Ingesting Google Cloud data into Splunk using command line programs
If you are ingesting Google Cloud data into your environment, you're likely familiar with the Splunk Add-on for Google Cloud Platform and the Splunk Dataflow template. Both of these solutions are great for moving logs via Pub/Sub into Splunk. But there are ways of extracting other non-logging Google Cloud data and quickly shipping it to the Splunk platform using common command-line tools. You can then leverage this data to gain useful insights about your Google Cloud environment.
This article follows the Unix philosophy of "do one thing and do it well" by showing you how to use small single-purpose tools, then how to combine them to accomplish more complex tasks and gain useful insights about your Google Cloud environment.
First, read the prerequisites, and the tools you'll need to use. Then, learn the approach you'll use to retrieve a list of assets in a specified GCP project or organization. You can then use this same approach to:
- Export Google's IAM Recommender findings and send them to a Splunk HEC
- List all the static and reserved IP addresses in a project
- List all the SSL/TLS certificates that have been created for use with Google Cloud Load Balancer and Cloud CDN
- List all the virtual machine instances that have been created within a project
- List all the snapshots of persistent disks that have been created within a project
- List all the network routes that have been created within a project
- List all the firewall rules that have been created within a project
- List all the virtual networks that have been created within a project
- Retrieve VPC flow logs from a GCS bucket using a federated query
Finally, this article shows you how to develop some real-world investigative use cases that leverage this data.
Prerequisites
To follow along with the examples in this article, you need to have the Google Cloud CLI installed as it provides the gcloud
and bq
commands. In addition, you need to have both jq
and curl
installed. These utilities can be downloaded and installed directly or obtained through common package managers such as homebrew
, yum
, or apt
. Alternatively, you can use an environment such as the Google Cloud Shell, which comes pre-installed with the necessary tools.
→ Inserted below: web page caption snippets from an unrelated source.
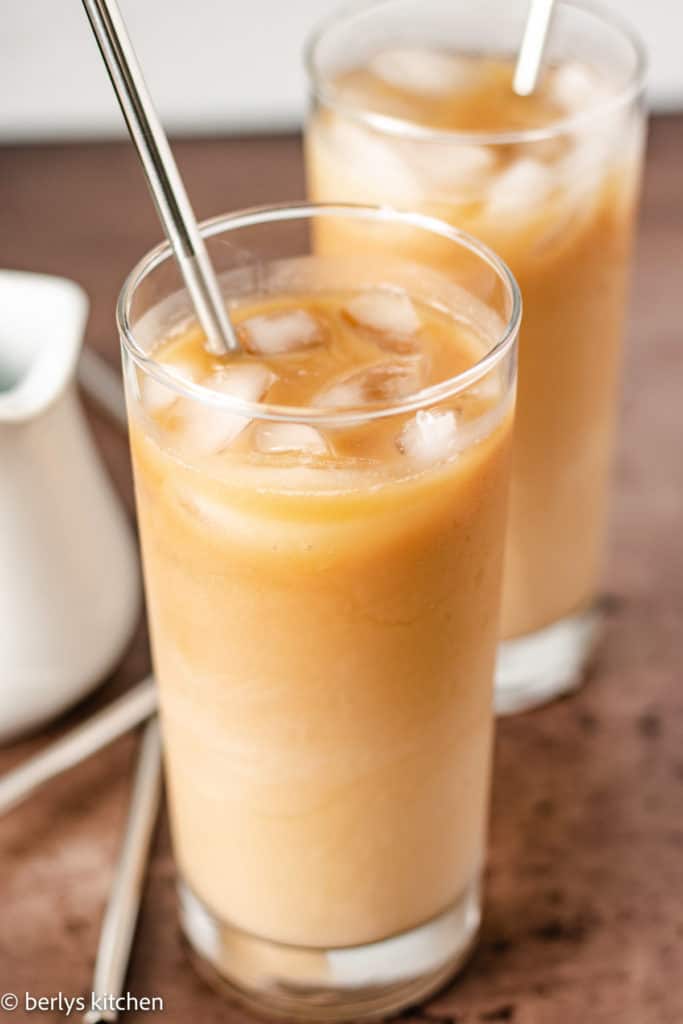 Top down view of caramel coffee over ice.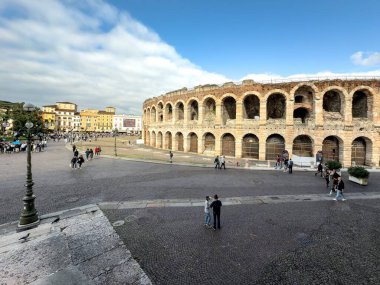 VERONA, ITALY - OCTOBER 27, 2024: Wide angle view of Arena di Verona round building from Palazzo Barbieri in Verona, Italy clipart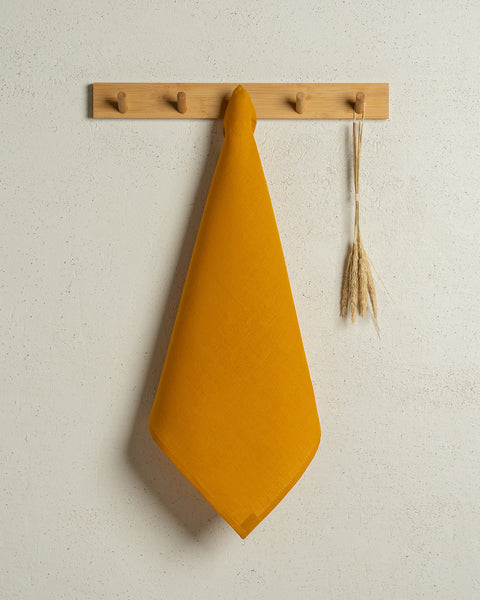 The menique square linen dish towel in color spicy yellow hanging on a wooden rack on a wall.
You will also need a Splunk Cloud Platform or Splunk Enterprise environment configured with an HTTP Event Collector (HEC) token and an index for the data.
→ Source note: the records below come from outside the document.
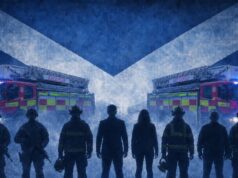 Silhouetted firefighters stand in front of two ladder fire engines with blue emergency lights, against a large Scottish flag backdrop.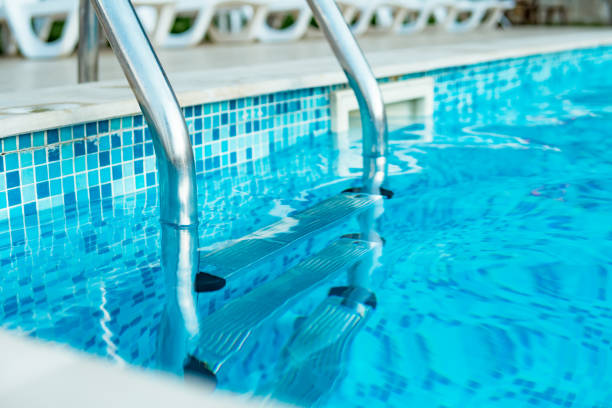 Swimming pool with stair at luxury hotel stock photo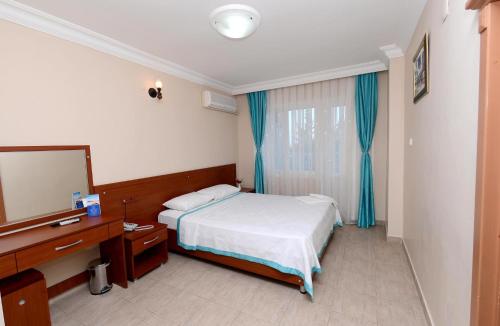 a hotel room with a bed and a mirror at Hotel Eylül in Erdemli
- Export the HEC token to the shell environment, as shown below.
export HEC_TOKEN=<TOKEN>
- You'll also need to set the full HEC URL. For example:
export HEC_URL=https://<ADDRESS>:8088/services/collector/event
For more information on how to construct an HEC URL for Splunk Cloud Platform trials, Splunk Cloud Platform on AWS, and Splunk Cloud Platform on GCP, see the Send data to HTTP Event Collector section of the HTTP Event Collector documentation.
- Set an existing destination index name, as shown below. Some of the commands might contain timestamps that are quite old, so ensure the index lifetime is generous enough to avoid aging out data immediately. You should use a dedicated index for the purposes of this process.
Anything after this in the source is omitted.